◆ **DATA IN THIS EXERCISE**
BEGIN

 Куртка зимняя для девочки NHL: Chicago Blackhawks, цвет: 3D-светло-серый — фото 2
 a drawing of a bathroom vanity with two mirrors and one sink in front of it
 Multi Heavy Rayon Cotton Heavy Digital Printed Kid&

END
BEGIN

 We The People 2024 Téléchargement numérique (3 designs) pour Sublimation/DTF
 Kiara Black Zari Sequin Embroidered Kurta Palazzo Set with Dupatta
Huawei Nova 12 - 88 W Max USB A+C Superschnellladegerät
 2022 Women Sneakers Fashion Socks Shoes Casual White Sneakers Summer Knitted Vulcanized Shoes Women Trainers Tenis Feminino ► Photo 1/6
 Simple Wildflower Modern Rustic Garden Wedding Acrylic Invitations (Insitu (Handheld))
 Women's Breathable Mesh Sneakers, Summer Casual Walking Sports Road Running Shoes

END

◆ **YOUR ASSIGNMENT**
Give back exactly the lines above starting at the line where "Куртка зимняя для" appears and ending at the line where "Multi Heavy Rayon" appears, both included, with no other lines.

◆ **WRITTEN SOLUTION**
 Куртка зимняя для девочки NHL: Chicago Blackhawks, цвет: 3D-светло-серый — фото 2
 a drawing of a bathroom vanity with two mirrors and one sink in front of it
 Multi Heavy Rayon Cotton Heavy Digital Printed Kid&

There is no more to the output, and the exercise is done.